▶ [WHAT YOU NEED TO DO]: If a record holds a picture, leave the picture out and copy everything else exactly.

▶ [PROVIDED RECORDS]:
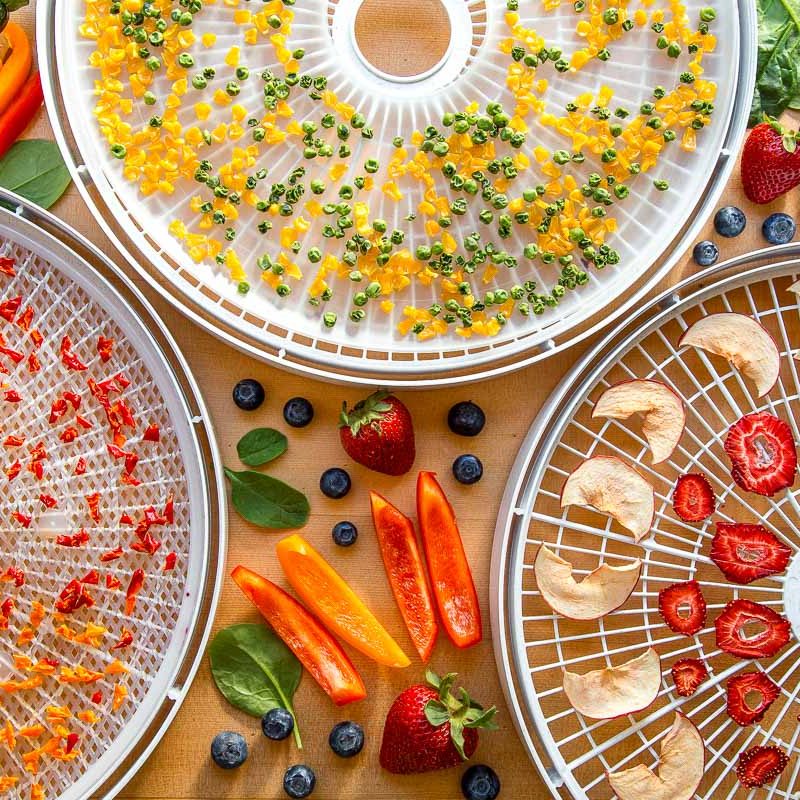 Dehydrating-Food-101-9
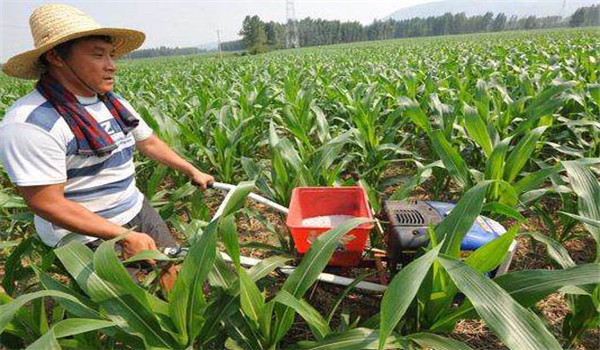 玉米追肥的最佳时间是什么时候用什么肥好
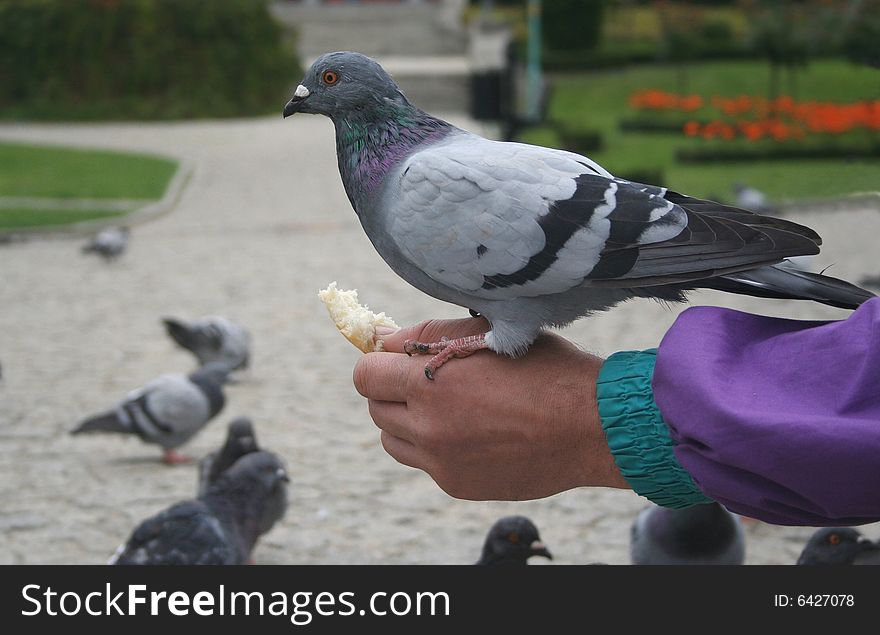 The pigeon on a hand in the Park. The pigeon on a hand in the Park
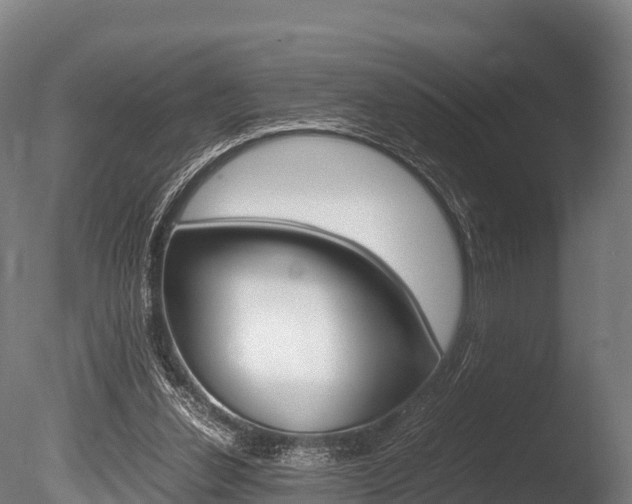 X0000086090252200703231124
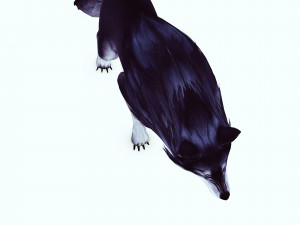 WOLF ANIMATED Modelo 3D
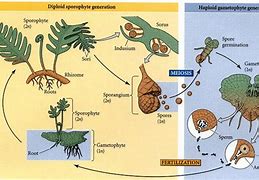 Image result for A Diploid Sporophyte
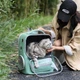 Рюкзак переноска для кота кошки котенка маленьких собак до 8 кг прозрачный зеленый (002279) - изображение 2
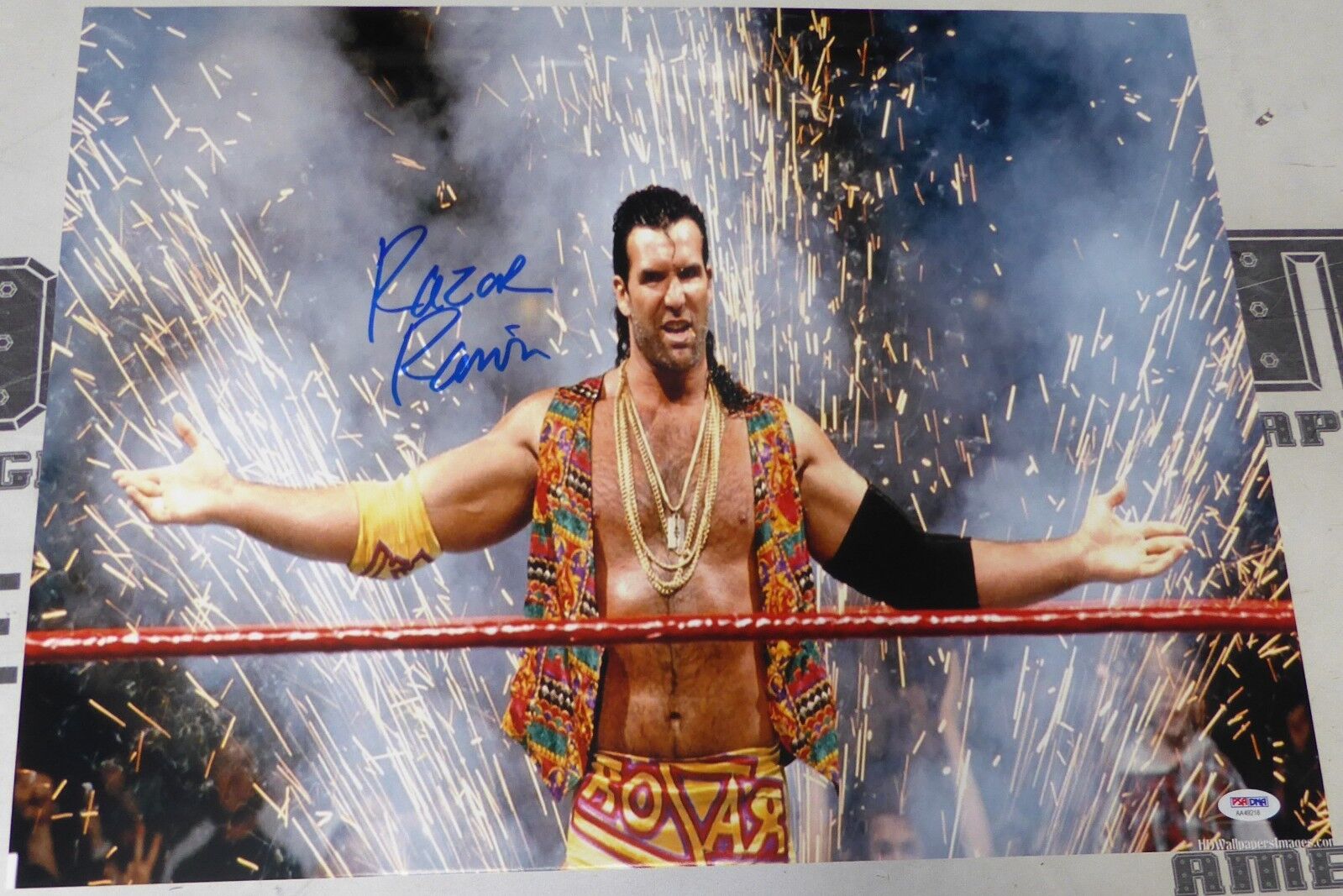 Razor Ramon Signed WWE 16x20 Photo Poster painting PSA/DNA COA Scott Hall Picture Autograph WCW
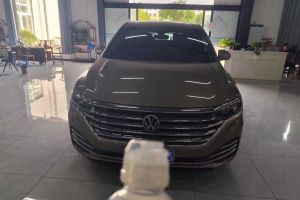 威然 大眾 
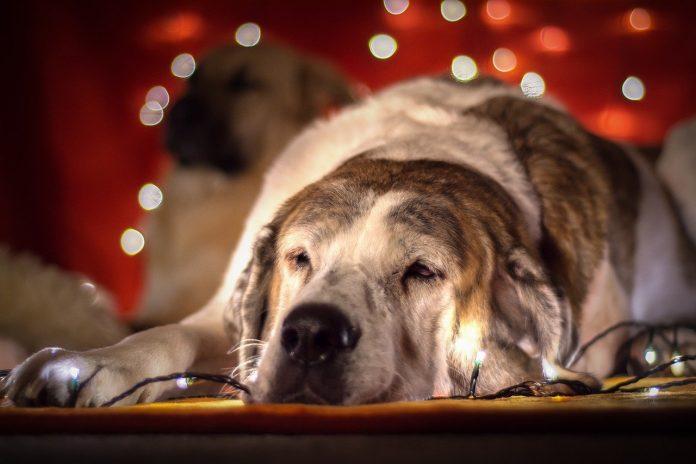 How to keep dogs safe this Christmas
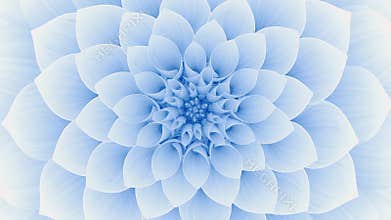 Blooming Blue Flower. Seamless Looped.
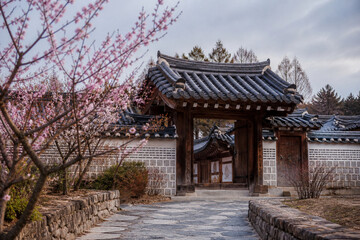 Fototapeta premium Spring plum blossoms at a traditional Korean hanok gate
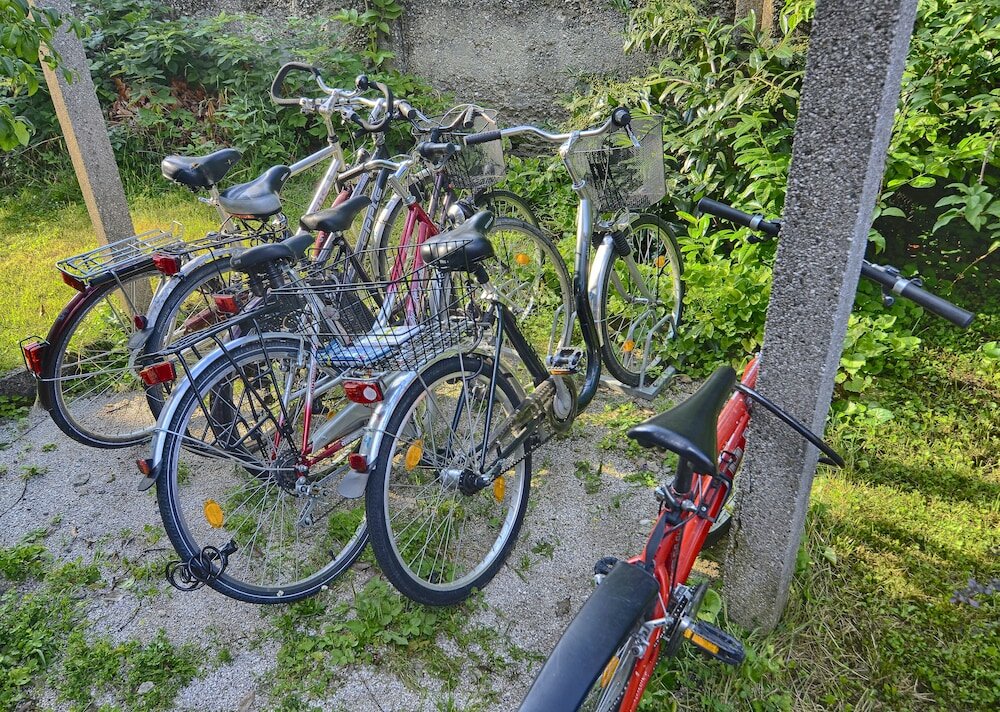 Фото Family Guesthouse GreenSLO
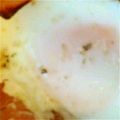 ちーきよ's cooksnap of when they made ✿簡単 ５分でココットとろり半熟卵✿.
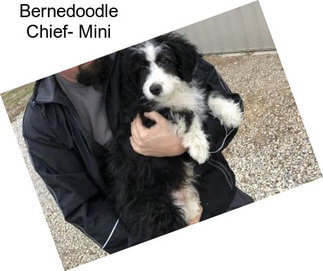 Bernedoodle Chief- Mini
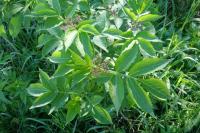 Sambucus nigra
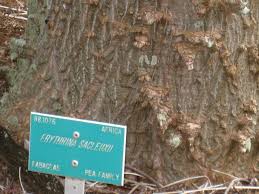 Image result for Erythrina sacleuxii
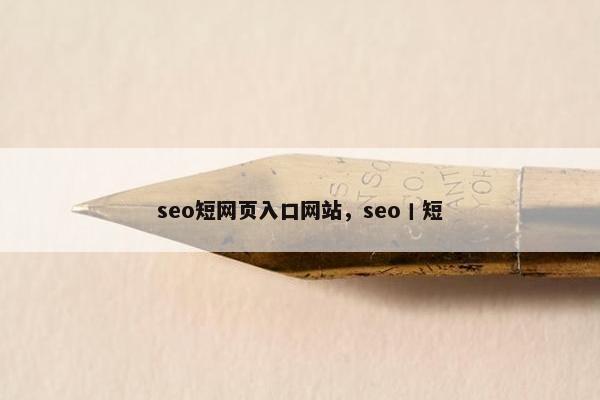 seo短网页入口网站，seo丨短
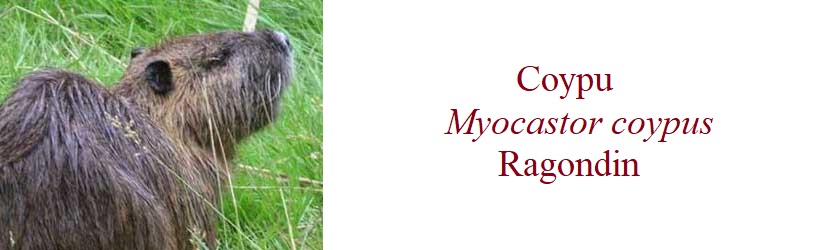 Coypu  Myocastor coypus  Ragondin in France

▶ [REPLY TO THE TASK]:
 Dehydrating-Food-101-9
 玉米追肥的最佳时间是什么时候用什么肥好
 The pigeon on a hand in the Park. The pigeon on a hand in the Park
 X0000086090252200703231124
 WOLF ANIMATED Modelo 3D
 Image result for A Diploid Sporophyte
 Рюкзак переноска для кота кошки котенка маленьких собак до 8 кг прозрачный зеленый (002279) - изображение 2
 Razor Ramon Signed WWE 16x20 Photo Poster painting PSA/DNA COA Scott Hall Picture Autograph WCW
 威然 大眾 
 How to keep dogs safe this Christmas
 Blooming Blue Flower. Seamless Looped.
 Fototapeta premium Spring plum blossoms at a traditional Korean hanok gate
 Фото Family Guesthouse GreenSLO
 ちーきよ's cooksnap of when they made ✿簡単 ５分でココットとろり半熟卵✿.
 Bernedoodle Chief- Mini
 Sambucus nigra
 Image result for Erythrina sacleuxii
 seo短网页入口网站，seo丨短
 Coypu  Myocastor coypus  Ragondin in France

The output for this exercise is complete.